🤖 AI Summary
Existing Riemannian metrics for symmetric positive-definite (SPD) operators lack a unified geometric framework in infinite-dimensional Hilbert spaces, leading to theoretical limitations and poor geometric stability in high-dimensional or functional data analysis.
Method: We propose the Generalized Alpha-Procrustes Riemannian metric—a novel framework integrating normalized Hilbert–Schmidt operators, an extended Mahalanobis norm, and learnable regularization parameters.

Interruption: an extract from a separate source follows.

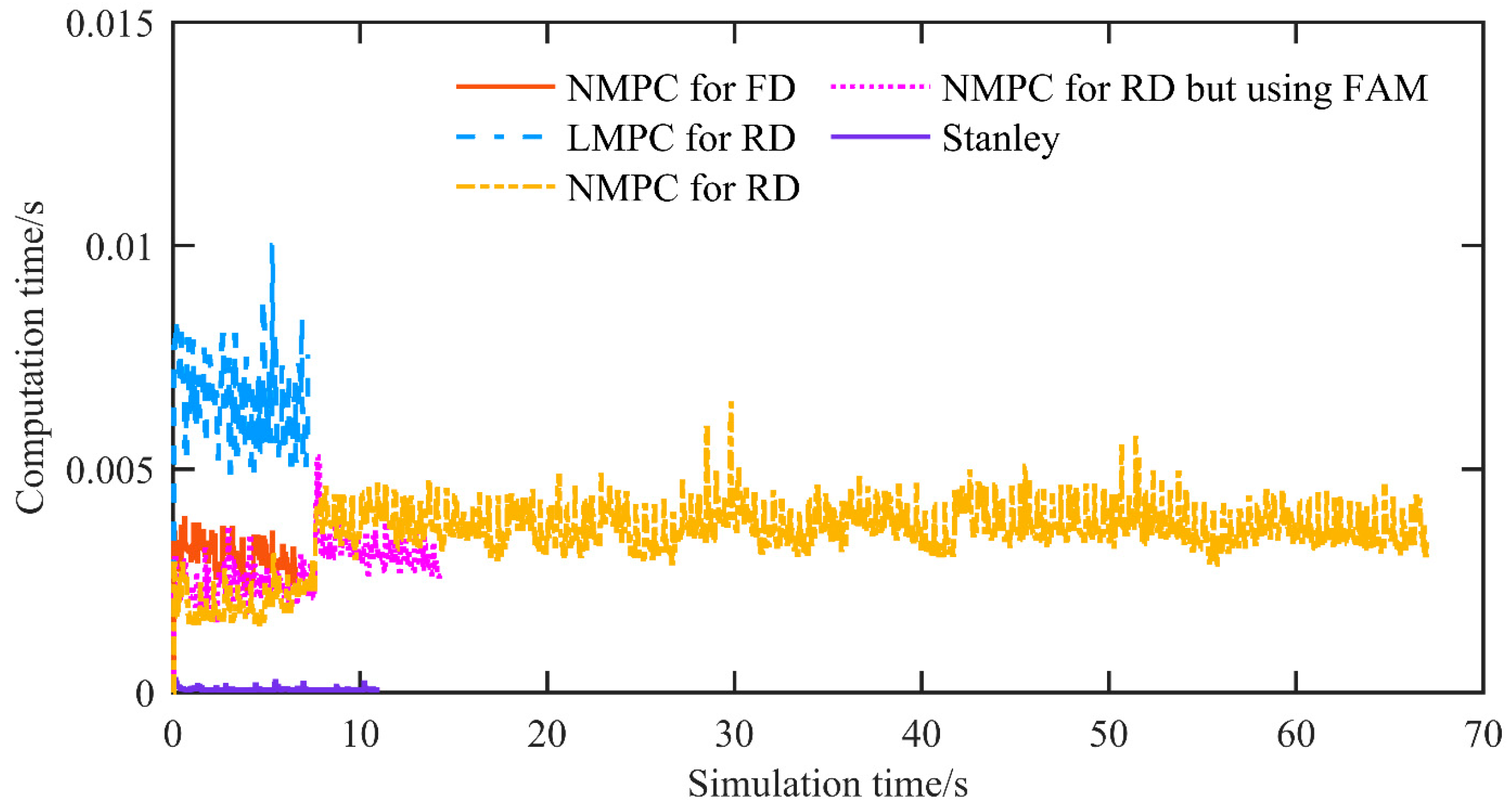Wevj 16 00596 g009 Wevj 16 00596 g009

Contribution/Results: This is the first unified infinite-dimensional formulation encompassing generalized Bures–Wasserstein, Log-Hilbert–Schmidt (a natural extension of Log-Euclidean geometry), and Wasserstein-type distances. It resolves fundamental structural deficiencies of prior metrics in infinite dimensions, substantially improving geometric stability and scale robustness for comparing high-dimensional and functional data. Extensive experiments across multi-scale benchmarks demonstrate consistent superiority over state-of-the-art methods. The framework provides a theoretically rigorous yet practically effective Riemannian foundation for machine learning and functional data analysis.
📝 Abstract
This work extends the recently introduced Alpha-Procrustes family of Riemannian metrics for symmetric positive definite (SPD) matrices by incorporating generalized versions of the Bures-Wasserstein (GBW), Log-Euclidean, and Wasserstein distances. While the Alpha-Procrustes framework has unified many classical metrics in both finite- and infinite- dimensional settings, it previously lacked the structural components necessary to realize these generalized forms. We introduce a formalism based on unitized Hilbert-Schmidt operators and an extended Mahalanobis norm that allows the construction of robust, infinite-dimensional generalizations of GBW and Log-Hilbert-Schmidt distances. Our approach also incorporates a learnable regularization parameter that enhances geometric stability in high-dimensional comparisons. Preliminary experiments reproducing benchmarks from the literature demonstrate the improved performance of our generalized metrics, particularly in scenarios involving comparisons between datasets of varying dimension and scale. This work lays a theoretical and computational foundation for advancing robust geometric methods in machine learning, statistical inference, and functional data analysis.